えくすとら! その百九十 別にクってしまっても構わんのだろう?
「ところで」
西島のローストビーフサンドに舌鼓を打ち――まあ、桐生は『ぐぬぬ!』な表情をしていたが……ともかく、そんな昼食後に西島が魔法瓶に入ったコーヒーを差し出しながら北大路に声を掛けた。
「北大路君、今日の試合終わってももう一泊、東九条先輩と桐生先輩の家に泊まるんだよね?」
「俺? あー……どないしよっかな? センセは『好きにしたらエエ。明日は練習休みやし』って言うてはるけど……ほいでも」
そう言ってチラリとこちらに視線を向ける北大路。ふむ。
「俺んちの事なら別に気にしなくて良いぞ。なあ、桐生?」
「くぅ……このカップケーキも美味しいわ……く、悔しいじゃない……さっきも東九条君、美味しそうに西島さんのローストビーフサンド食べてたし……か、確実にこれは私の負け……い、いえ! まだよ! 確かに現状では西島さんの料理に及ばない! ええ、ええ! それは認めるわ! でも、勝負はまだまだ――」
「……桐生?」
……なんか暗い目でデザートのカップケーキ見つめてブツブツ言ってるんですけど、桐生さん。うん、ちょっと怖いよ?

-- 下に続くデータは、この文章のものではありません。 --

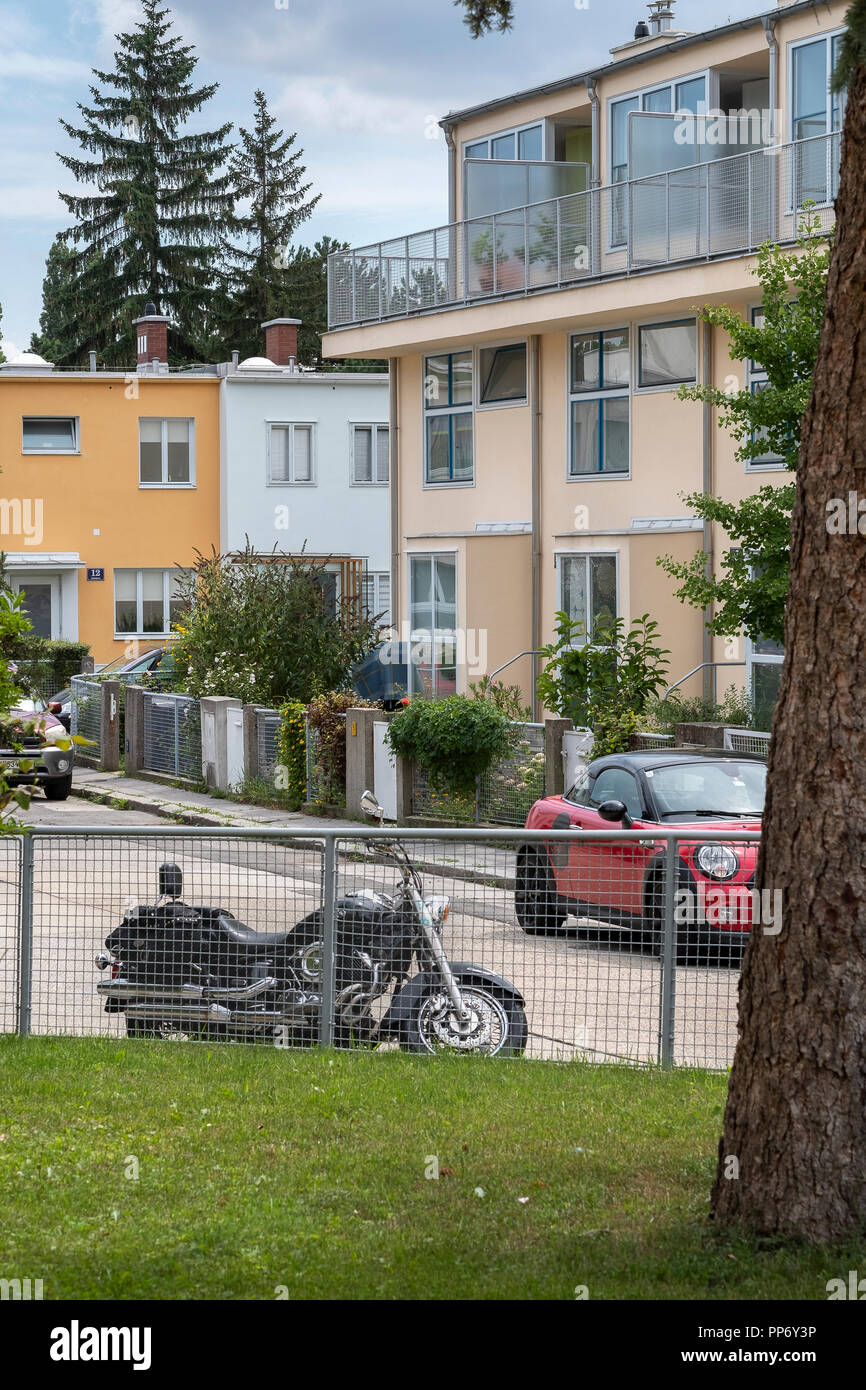The Werkbundsiedlung in Vienna is a model housing estate in Vienna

「負けを認める……え? ひ、東九条君? なんか言ったかしら?」
「……北大路がもう一晩泊まりたいって。良いか?」
今日は三連休二日目だし、明日も学校は休みだ。もう一晩北大路が泊まったとしても……
「というか、そもそも北大路君、今日も泊まるつもりじゃなかったの? 私、今日も明美様のお家にお邪魔しようと思っていたんだけど……女性陣、今日は皆そのつもりよ? ねえ、西島さん」
「はい。明美さんが『気にせず泊まって下さい』って仰られるので……明美さんと東九条さんは明日の夕方に京都に帰るって言ってるから、今日は私達後輩ズで晩御飯を振舞う予定なんですが……」
桐生と西島の言葉に俺も北大路を見やる。そんな俺の視線に北大路が少しだけ困った様な苦笑を浮かべて頬を掻いた。

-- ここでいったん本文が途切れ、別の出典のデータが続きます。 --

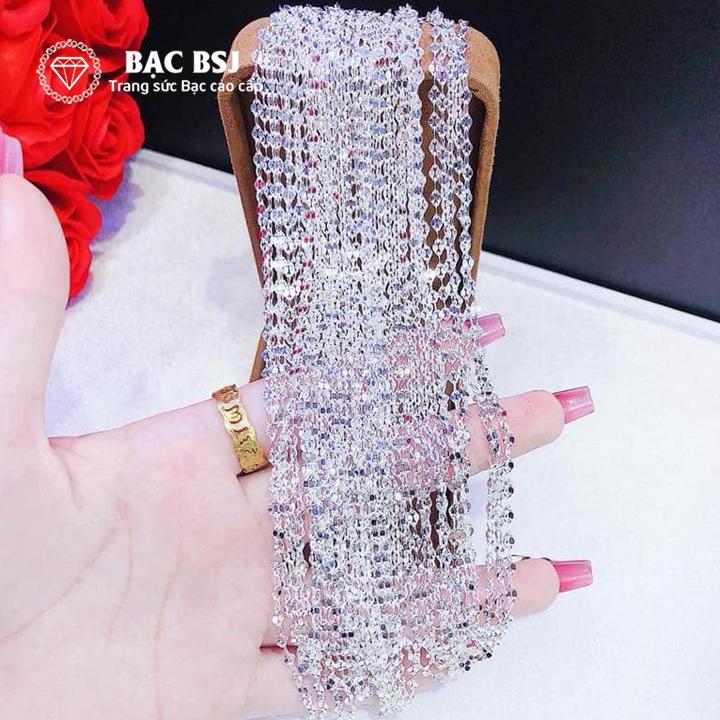 Dây chuyền bạc nữ. Bạc BSJ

「いや~、そのつもりやったんですけど……なんかやっぱり申し訳ない様な気がして……今日帰るのはともかく、小遣いもちょっと多めに持ってきてますし、ネカフェかビジネスホテルにでも泊まろうかと思うてたんですけど……」
「ネカフェかビジホだ? んなもん、金の無駄だよ。折角タダで泊まれる宿があるんだし、そんなもんに無駄な金使うな。なあ、浩之?」
「……その意見には全面的に賛成するけどな? それ、俺のセリフじゃね?」
いや、藤田の言う通りそこは全然気にしなくていいけどな。そんな俺の視線に、少しだけ申し訳無さそうな表情の下に喜色を浮かべた北大路がそれでも遠慮がちに頭を下げた。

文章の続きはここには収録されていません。